4 Abdullah bin Az-Zubair r.a. pembela yang setia
Hidup mengalami pasang surut, dengan beberapa hari baik dan banyak hari yang suram. Ada kalanya kita merasa kehilangan makna dan tujuan. Sebenarnya, inilah saat terbaik untuk membuktikan diri, karena kesabaran dalam menghadapi tantangan adalah tanda kekuatan, ciri umum para Nabi sebagai orang-orang saleh.
Itu juga ciri khas Abdullah bin Az-Zubair ra, yang ayahnya adalah Az-Zubair bin Awwam ra, salah satu dari sepuluh orang yang diberi kabar gembira tentang surga. Ibunya adalah Asma ‘binti Abu Bakar, orang ke-18 yang memeluk Islam dan putri Abu Bakr As-Siddiq ra, khalifah pertama dalam Islam. Abdullah bin Az-Zubair adalah orang pertama yang lahir di antara Muhajirin setelah Hijrah, dan merupakan penyebab kegembiraan bagi umat Islam selama masa itu.
Abdullah bin Az-Zubair juga diberkati menjadi salah satu pembantu Nabi SAW, memberinya kesempatan untuk mengamati dengan cermat kehidupan Nabi, memperoleh ilmu dan dengan sempurna meniru Sunnah Nabi SAW.
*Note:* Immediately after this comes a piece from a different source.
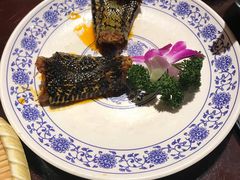 -杨记隆府(汉街店)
Abdullah bin Az-Zubair juga sangat dekat dengan Aisyah ra, istri nabi sekaligus bibinya sendiri. Kedekatan tersebut bahkan membuat Aisyah dikenal sebagai ‘Umm Abdullah’ (ibu dari Abdullah).
Seiring bertambahnya usia, Abdullah bin Az-Zubair menjadi pria yang dihormati, yang kualitasnya melampaui banyak orang lainnya. Diriwayatkan bahwa Utsman bin Talhah ra berkata:
“Ibn Az-Zubair tiada bandingnya dalam tiga hal: keberanian, ibadah dan kefasihan.”
Memang, Abdullah bin Az-Zubair teguh dan memiliki akhlak yang mulia, bahkan sejak usia yang sangat muda. Dia berani, tapi dia juga pria yang fasih. Ketika umat Islam berjaya di Afrika Utara, Abdullah bin Az-Zubair memberikan pidato kemenangan. Pidato tersebut disampaikan seperti kakeknya, Abu Bakar ra saat berpidato.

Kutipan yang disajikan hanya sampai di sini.